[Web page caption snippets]

────────

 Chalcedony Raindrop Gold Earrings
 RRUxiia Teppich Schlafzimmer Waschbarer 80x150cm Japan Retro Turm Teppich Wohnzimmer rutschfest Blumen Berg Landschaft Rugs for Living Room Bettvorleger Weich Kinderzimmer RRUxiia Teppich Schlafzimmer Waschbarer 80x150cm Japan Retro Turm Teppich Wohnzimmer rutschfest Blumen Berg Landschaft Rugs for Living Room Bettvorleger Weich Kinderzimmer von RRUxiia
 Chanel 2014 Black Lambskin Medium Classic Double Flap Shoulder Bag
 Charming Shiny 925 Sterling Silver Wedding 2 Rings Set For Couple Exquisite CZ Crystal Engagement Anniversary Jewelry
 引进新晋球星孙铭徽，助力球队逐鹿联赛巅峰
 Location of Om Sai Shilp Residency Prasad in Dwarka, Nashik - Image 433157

────────

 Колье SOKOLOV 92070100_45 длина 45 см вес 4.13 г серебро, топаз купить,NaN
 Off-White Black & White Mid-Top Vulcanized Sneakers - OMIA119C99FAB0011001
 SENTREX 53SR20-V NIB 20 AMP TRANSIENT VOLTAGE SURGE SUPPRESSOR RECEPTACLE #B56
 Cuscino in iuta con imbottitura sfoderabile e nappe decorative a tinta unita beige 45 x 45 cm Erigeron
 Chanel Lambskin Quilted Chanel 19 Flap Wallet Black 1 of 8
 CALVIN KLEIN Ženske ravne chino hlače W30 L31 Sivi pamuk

────────

## Task item
From the records above, transcribe exactly the run of lines that opens with the line holding "Charming Shiny 925" and closes with the line holding "Location of Om", both included.

## Worked solution
 Charming Shiny 925 Sterling Silver Wedding 2 Rings Set For Couple Exquisite CZ Crystal Engagement Anniversary Jewelry
 引进新晋球星孙铭徽，助力球队逐鹿联赛巅峰
 Location of Om Sai Shilp Residency Prasad in Dwarka, Nashik - Image 433157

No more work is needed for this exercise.